**What you will do**:
Work through the records that follow and return each line containing the word "Super".

**Record excerpts**:

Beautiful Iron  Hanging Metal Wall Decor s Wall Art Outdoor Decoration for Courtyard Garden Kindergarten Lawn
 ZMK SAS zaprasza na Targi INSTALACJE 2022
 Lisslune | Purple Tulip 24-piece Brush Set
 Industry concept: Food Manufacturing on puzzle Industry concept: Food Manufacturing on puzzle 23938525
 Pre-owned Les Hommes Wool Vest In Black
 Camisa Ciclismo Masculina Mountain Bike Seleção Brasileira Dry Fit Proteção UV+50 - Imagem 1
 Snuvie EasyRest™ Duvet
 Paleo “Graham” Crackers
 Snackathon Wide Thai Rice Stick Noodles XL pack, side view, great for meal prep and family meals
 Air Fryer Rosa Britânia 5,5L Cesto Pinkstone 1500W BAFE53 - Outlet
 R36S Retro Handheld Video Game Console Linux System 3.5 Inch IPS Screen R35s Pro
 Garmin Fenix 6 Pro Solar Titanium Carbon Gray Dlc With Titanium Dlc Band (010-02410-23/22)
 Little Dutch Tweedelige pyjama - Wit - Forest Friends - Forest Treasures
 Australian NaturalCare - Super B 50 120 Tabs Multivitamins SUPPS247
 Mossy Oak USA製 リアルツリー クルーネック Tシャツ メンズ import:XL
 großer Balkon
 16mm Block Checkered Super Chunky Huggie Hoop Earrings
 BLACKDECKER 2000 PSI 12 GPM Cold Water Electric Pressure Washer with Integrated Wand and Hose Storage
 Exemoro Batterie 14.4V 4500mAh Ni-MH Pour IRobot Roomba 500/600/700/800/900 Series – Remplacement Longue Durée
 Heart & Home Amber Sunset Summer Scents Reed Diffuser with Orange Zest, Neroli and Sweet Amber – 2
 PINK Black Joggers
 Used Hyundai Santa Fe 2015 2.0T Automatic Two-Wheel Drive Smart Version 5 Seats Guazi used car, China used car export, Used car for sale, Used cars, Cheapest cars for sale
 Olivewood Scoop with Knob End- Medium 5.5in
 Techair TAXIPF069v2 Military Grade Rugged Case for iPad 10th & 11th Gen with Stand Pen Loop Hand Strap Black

**Solution to this problem**:
 Australian NaturalCare - Super B 50 120 Tabs Multivitamins SUPPS247
 16mm Block Checkered Super Chunky Huggie Hoop Earrings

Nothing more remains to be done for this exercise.